It is obvious that $\Gamma $ has property 1. To show that $\Gamma $ has property 2, we use an $\in $ -induction on $\alpha $ . This is obviously true in case $\alpha =0$ or $\alpha $ is a successor ordinal. So assume that $\alpha $ is a limit ordinal, By Propositions 7.13 and 7.16, it suffices to show that $\phi (\tau ,\Gamma (\alpha ))\leq \Gamma (\alpha )$ for all $\tau <\Gamma (\alpha )$ . So let $\tau <\Gamma (\alpha )$ . Since $\alpha $ is a limit ordinal, the definition of $\Gamma (\alpha )$ implies that there is $\beta <\alpha $ such that $\tau <\Gamma (\beta )$ . By induction hypothesis and Corollary 7.12, for every such $\beta $ it holds that $\phi (\tau ,\Gamma (\beta ))=\Gamma (\beta )$ and so $\phi (\tau ,\Gamma (\beta ))< \Gamma (\alpha )$ . By Proposition 7.15, this implies that $\phi (\tau ,\Gamma (\alpha ))\leq \Gamma (\alpha )$ .

Finally, we prove that $\Gamma $ has property 3 by an $\in $ -induction on $\alpha $ . So suppose that $\Gamma (\alpha )>\gamma $ and $\phi (\gamma ,0)=\gamma $ . There are three cases to consider:

  • The case $\alpha =0$ is trivial, since by definition of G, there is no $\gamma $ such that $\Gamma (0)>\gamma $ and $\phi (\gamma ,0)=\gamma $ .

  • Suppose that $\alpha =S(\xi )$ for some $\xi $ . Then $\Gamma (\alpha )=G(\Gamma (\xi ))$ . It follows that $\gamma <G(\Gamma (\xi ))$ . By the properties of G, this implies that $\gamma \leq \Gamma (\xi )$ . If $\gamma =\Gamma (\xi )$ we are done.
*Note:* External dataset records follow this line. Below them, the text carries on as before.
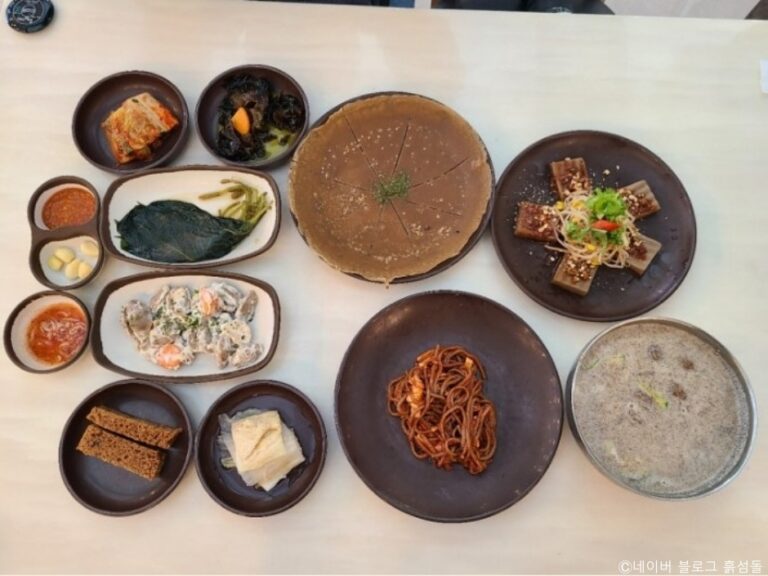 [경기] 송추도토리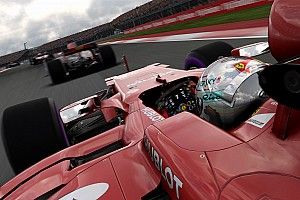 Ferrari de F1 eSports serisine katılıyor!
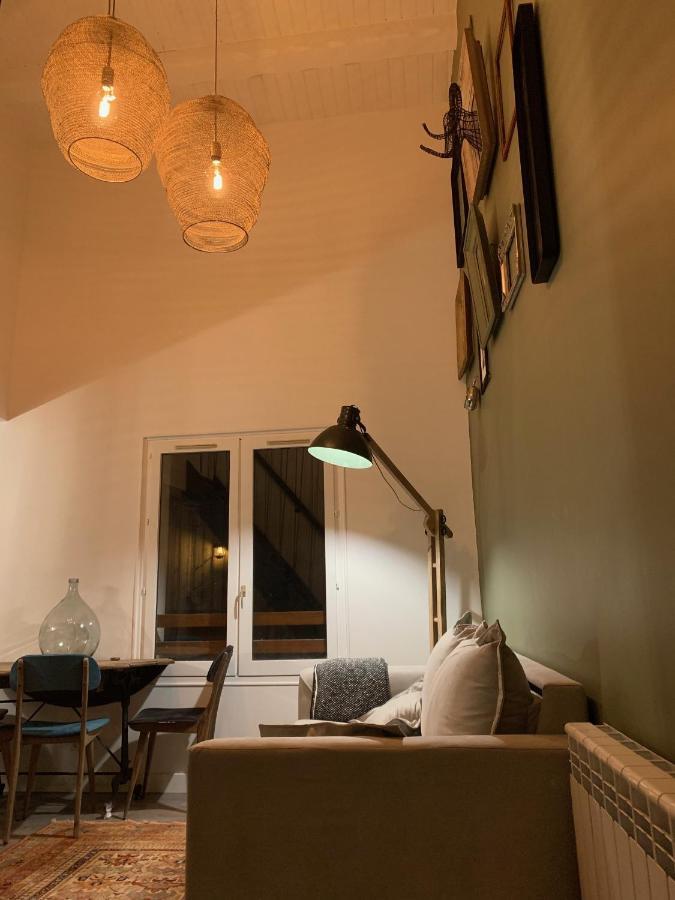 Les Apparts De Charly Duplex Cosy Au Marche Hyper Centre La Rochelle Tout A Pied المظهر الخارجي الصورة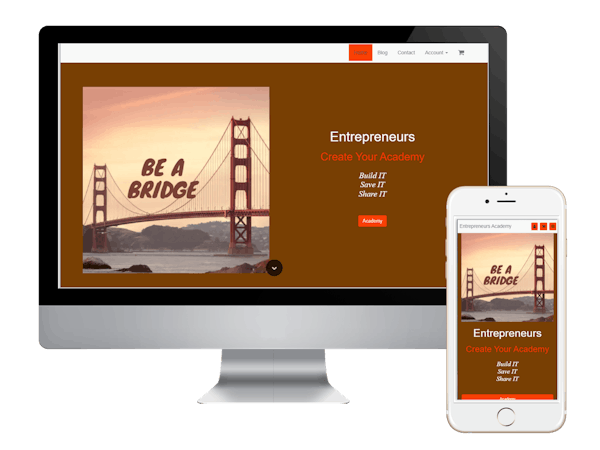 Entrepreneurs Academy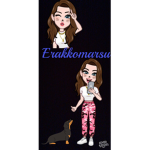 Erakkomarsu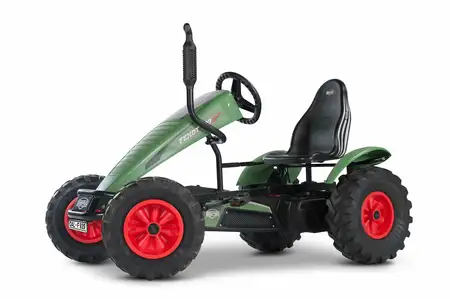 BERG XL Fendt BFR - afbeelding 1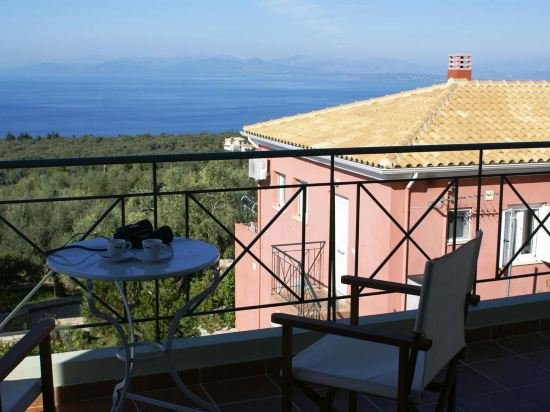 Villa Erato Lefkada Island, Lefkada Island Гърция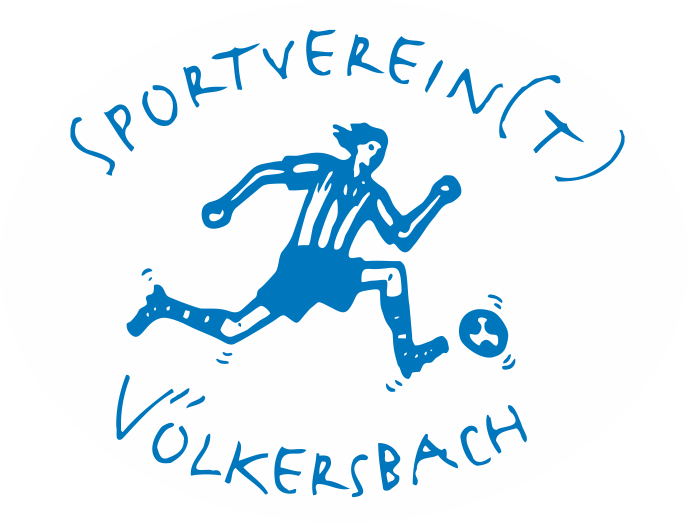 SV Völkersbach Onlineshop Logo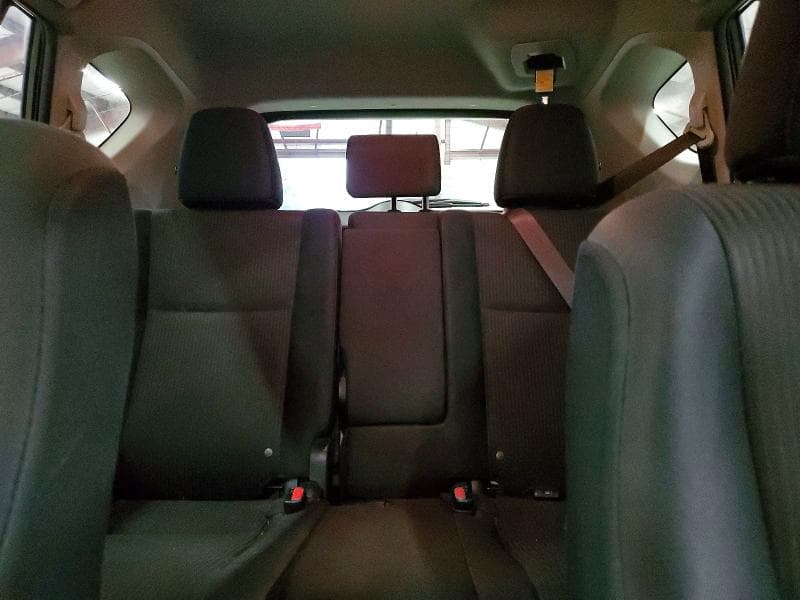 2018 TOYOTA RAV4 LE 10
Otherwise we apply the induction hypothesis to $\xi $ , and get $\beta <\xi <\alpha $ such that $\gamma =\Gamma (\beta )$ .
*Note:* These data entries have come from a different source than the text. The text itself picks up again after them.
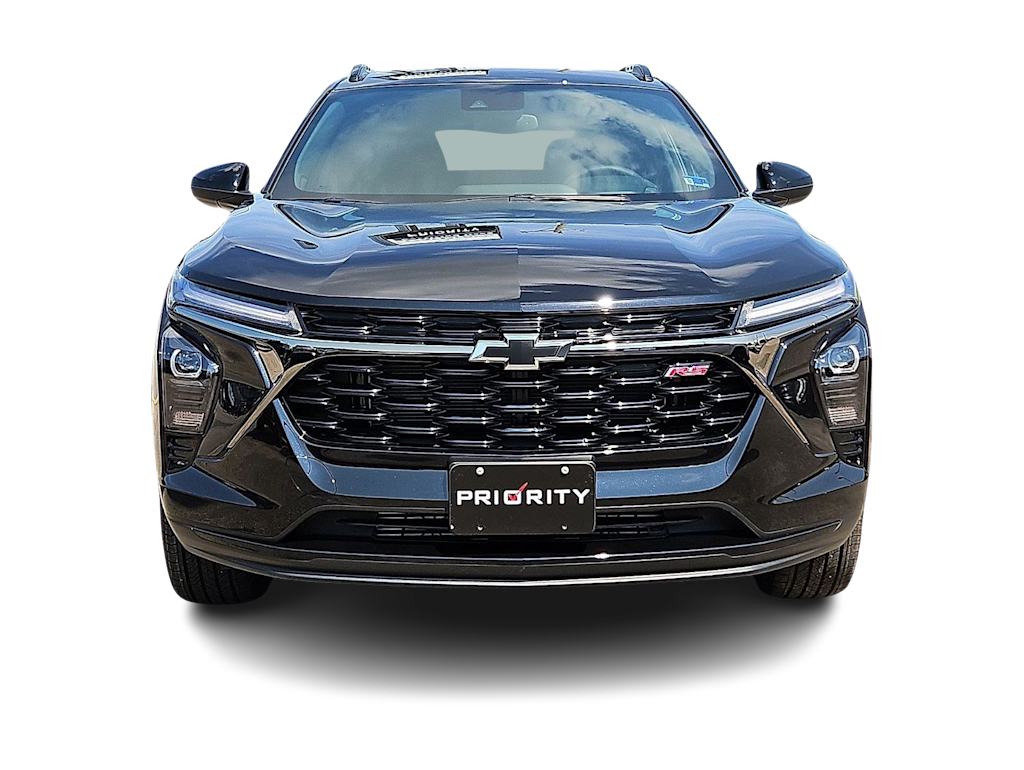 Thumbnail: 2026 Chevrolet Trax - 5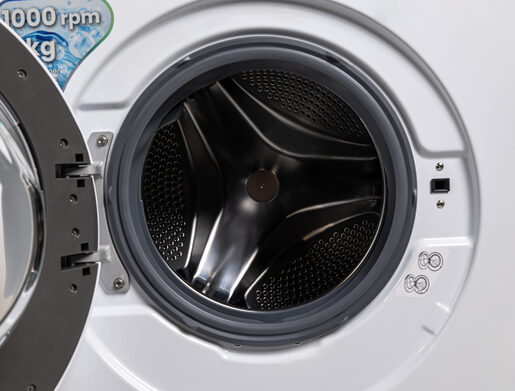 VIVAX HOME perilica rublja WFL-100616CDS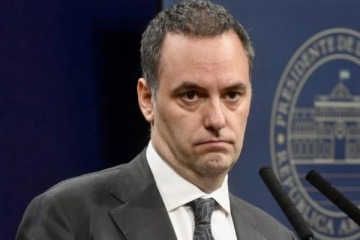 Adorni presenta su informe de gesti&oacute;n en medio del esc&aacute;ndalo y enfrenta 4.300 preguntas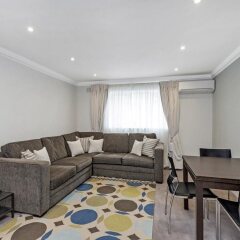 Отель Queensgate Court комната для гостей фото 3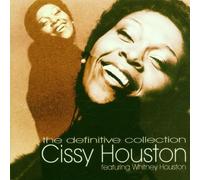 Cissy Houston - Definitive Collection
  • Suppose that $\alpha $ is a limit ordinal. Then by definition of $\Gamma $ , $\gamma <\Gamma (\alpha )$ implies that $\gamma <\Gamma (\xi )$ for some $\xi <\alpha $ . By applying the induction hypothesis to $\xi $ we get $\beta <\xi <\alpha $ such that $\gamma =\Gamma (\beta )$ .
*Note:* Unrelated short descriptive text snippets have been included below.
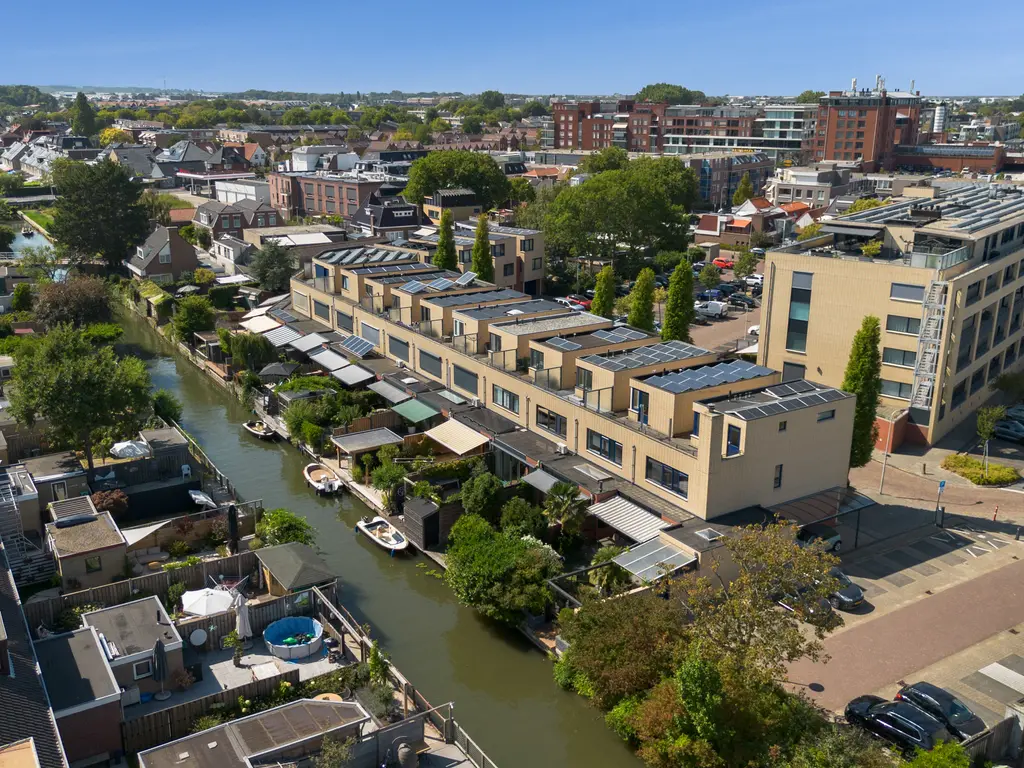 Graanveld 5, NAALDWIJK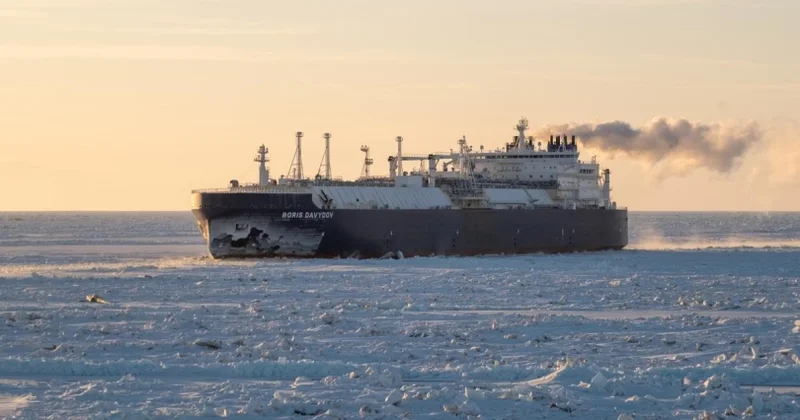Britaniya Ukraynanı Rusiya nefti hesabına maliyyələşdirməyi müzakirə edir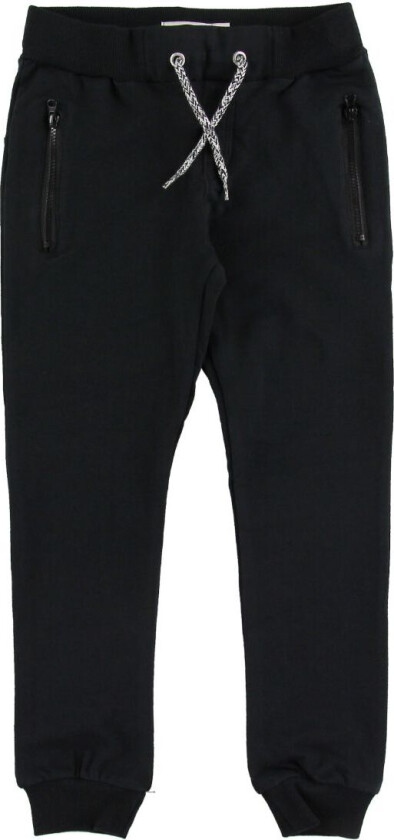 Joggebukser - NkmHonk - Noos - Svart - - 11 år (146) - Joggebukse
Corollary 7.19. $\vdash _{\mathbf {PW}} \phi (\gamma ,0)=\gamma \to \exists \beta (\gamma =\Gamma (\beta )).$

Proof Together with the first item of Theorem 7.18, Proposition 6.9 implies that $\gamma \leq \Gamma (\gamma )<\Gamma (S(\gamma ))$ . Hence the claim follows from item 3 of that theorem.

Corollary 7.20. Feferman–Schütte’s ordinal $\Gamma (0)$ (usually denoted $\Gamma _0$ ) is definable by a term of $\mathbf {PW}$ . So are much bigger ordinals, like $\Gamma (\Gamma _0)$ .

Note 7.21. It is not difficult to define in $\mathbf {PW}$ a relation R on $\omega $ such that $\mathbf {PW}$ proves that $\langle \omega ,R \rangle $ is isomorphic to $\langle \Gamma _0,\in \rangle $ . This can be done, e.g., by using the recursive well-ordering of the natural numbers which is constructed in [Reference Schütte43] (with the help of notations for the ordinals smaller than $\Gamma _0$ ).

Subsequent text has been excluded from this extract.